La criticità è particolarmente accentuata in Campania, dove le televisioni locali convivono da tempo con un mercato pubblicitario fragile, spesso insufficiente a garantire continuità economica. In un contesto in cui la raccolta pubblicitaria si concentra sempre più sulle grandi piattaforme nazionali e digitali, le emittenti territoriali faticano a sostenersi, nonostante svolgano una funzione essenziale di informazione di prossimità.
Le realtà locali rappresentano infatti un vero avamposto del pluralismo informativo. Raccontano i territori, danno voce alle realtà periferiche, seguono la cronaca giudiziaria, amministrativa e sociale che raramente trova spazio nei palinsesti nazionali. Senza questo presidio, intere aree del Paese rischiano di diventare mediaticamente invisibili.
Particolare attenzione meritano poi le emittenti storiche, attive da decenni e profondamente radicate nel tessuto sociale locale. Queste realtà costituiscono un patrimonio informativo e culturale che va oltre il valore economico: custodiscono memoria, identità e continuità del racconto pubblico dei territori.
Il rischio più immediato riguarda i livelli occupazionali. Tecnici, giornalisti, operatori della comunicazione lavorano in strutture già sottodimensionate, dove ogni taglio si traduce in riduzioni di organico, licenziamenti o chiusure definitive.
Difendere l’informazione radiotelevisiva locale significa quindi tutelare il lavoro, la democrazia e il diritto dei cittadini a una informazione plurale, libera e radicata nei territori.
COMITATO CO.RE.COM CAMPANIA
Il rischio più immediato riguarda i livelli occupazionali.
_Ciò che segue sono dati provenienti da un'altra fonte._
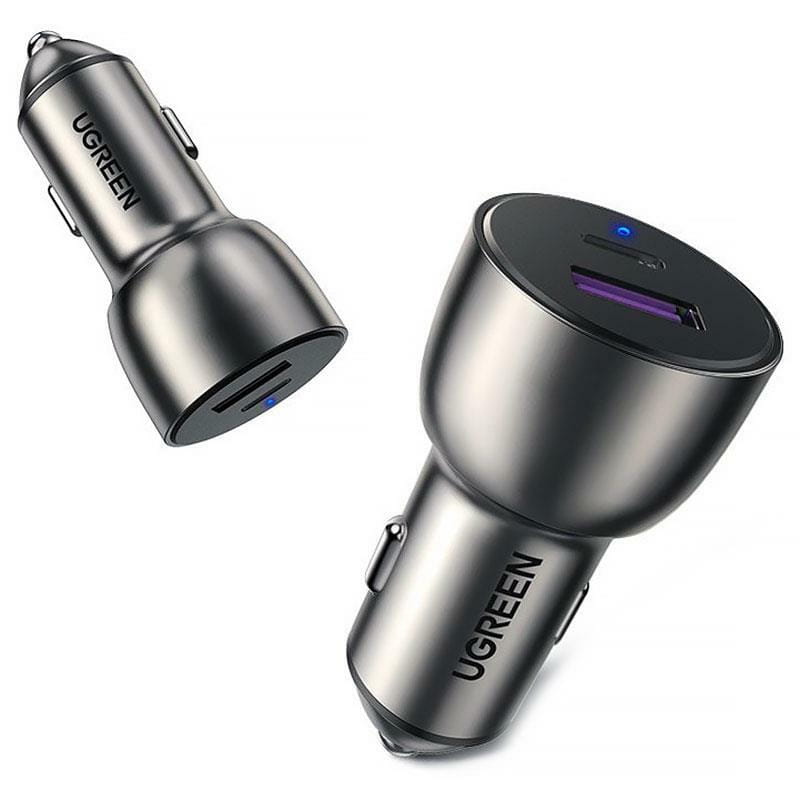 Автомобильное зарядное устройство Ugreen CD213 (2xUSB 36W (USB-C+USB-A) QC 3.0+ Gray (60980)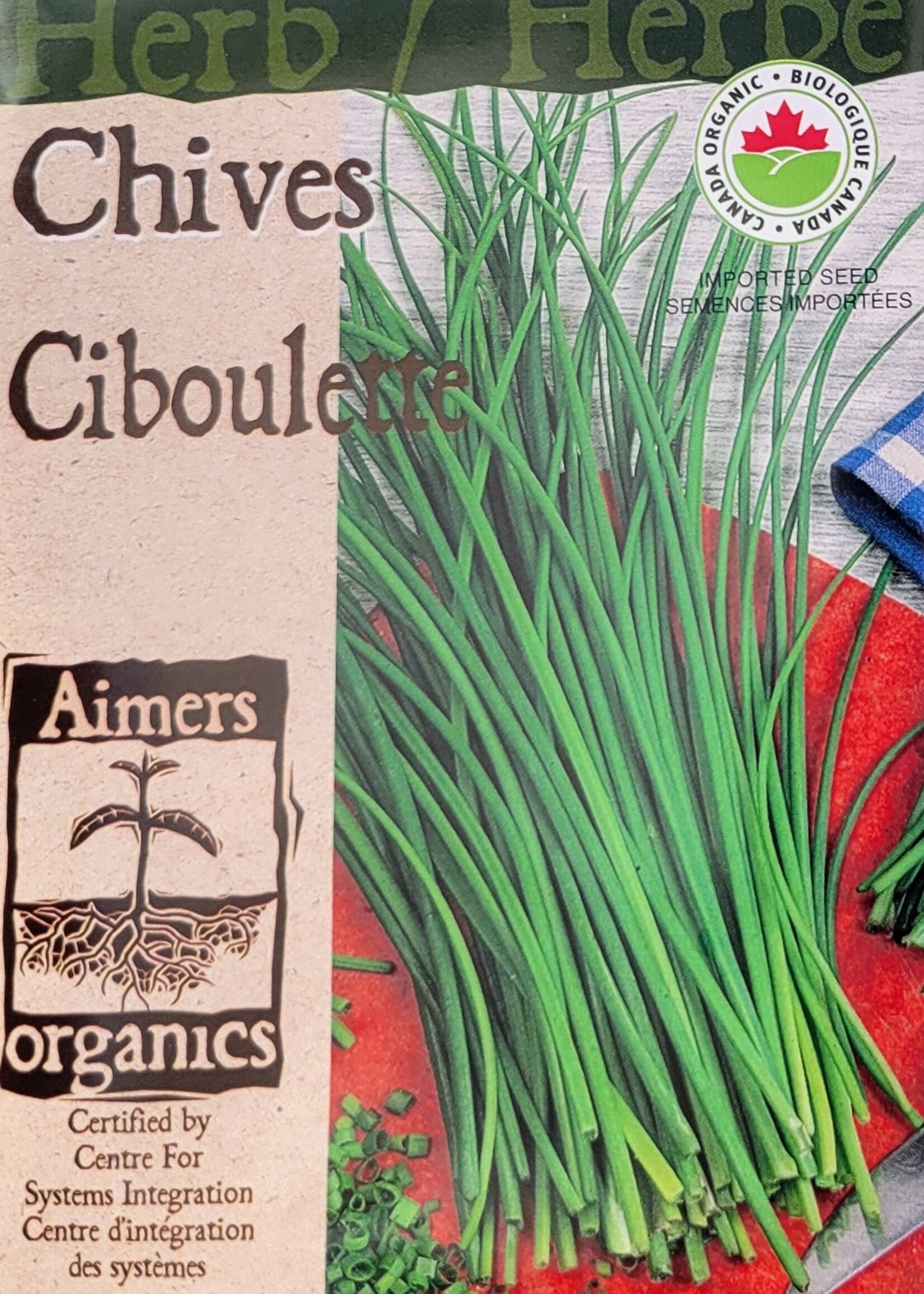 Aimers Organic Seeds Chives Certified Organic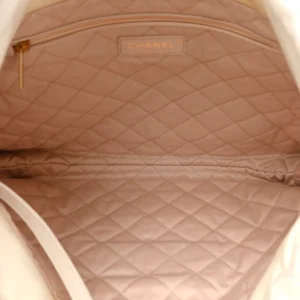 Chanel Quilted Calfskin Medium Chanel 22 Golden And White interior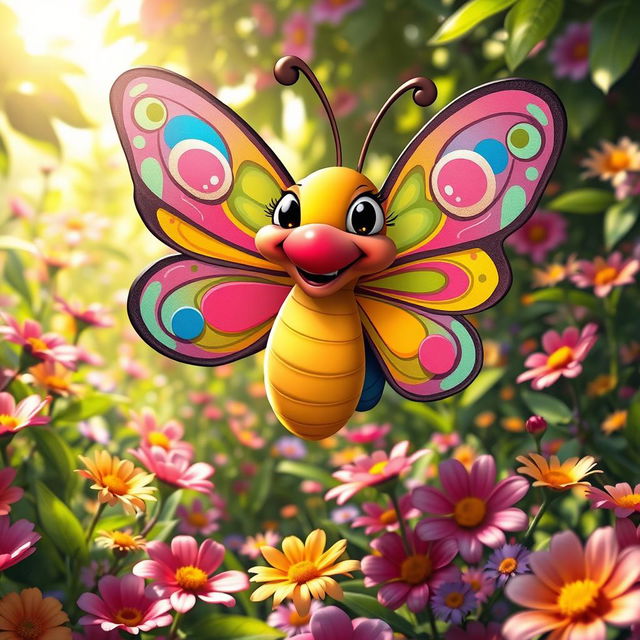 A cartoonish, yet hyper-realistic, funny butterfly with oversized lips, colorful and whimsical patterns on its wings, swirling with bright colors like pink, blue, and yellow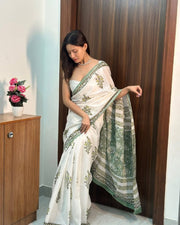 Women’s White Printed Mul Cotton Ready-to-Wear Saree with Green Printed Border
Tecnici, giornalisti, operatori della comunicazione lavorano in strutture già sottodimensionate, dove ogni taglio si traduce in riduzioni di organico, licenziamenti o chiusure definitive.
Questa è la frase che, da sola, racconta quasi tutto.
Persone reali, con famiglie e vite quotidiane, colpite da decisioni che potrebbero apparire distanti dai loro problemi.
E, volendo essere realisti, questi cittadini votano: se un governo arriva a sacrificare voti dovrebbe far riflettere su come siamo messi male.
Detto questo, non è automatico che ogni sostegno pubblico sia giusto o utile.
Capisco l’idea di proteggere settori temporaneamente in difficoltà, ma dare soldi a emittenti che vivono di fuffa non ha senso.
È un limite mio, forse semplifico troppo, ma mi sembra evidente quando il denaro pubblico finisce dove non produce reale valore per l’informazione o per la comunità.
Difendere il lavoro e il pluralismo sì, finanziare Wanna Marchi locali no.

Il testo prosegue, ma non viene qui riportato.